Within the launch industry this view seems to be shared, even at companies that have yet to take a payload to orbit. Their focus is not just on proving their launch vehicle can do it, but taking their place in a massively supply-constrained (on the launch side) market by differentiating and appealing to new business models. That involves far more than building a working rocket.

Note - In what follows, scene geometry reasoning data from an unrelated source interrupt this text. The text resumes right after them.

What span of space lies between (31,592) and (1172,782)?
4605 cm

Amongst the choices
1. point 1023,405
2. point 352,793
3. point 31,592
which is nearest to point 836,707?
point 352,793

“It’s not just about mass to orbit,” said Mandy Vaughn, president of VOX Space. “It’s about all those other elements of, how can we react quickly? How can we design and produce something quickly, as well as deploy that capability, maybe in a unique way from an unexpected location? In terms of the investment landscape, it’s not just about the technology of one rocket, or what’s your ISP [in-space propulsion] compared to another’s. It really is, what is the complete vertical infrastructure and business model beyond just mass to orbit?”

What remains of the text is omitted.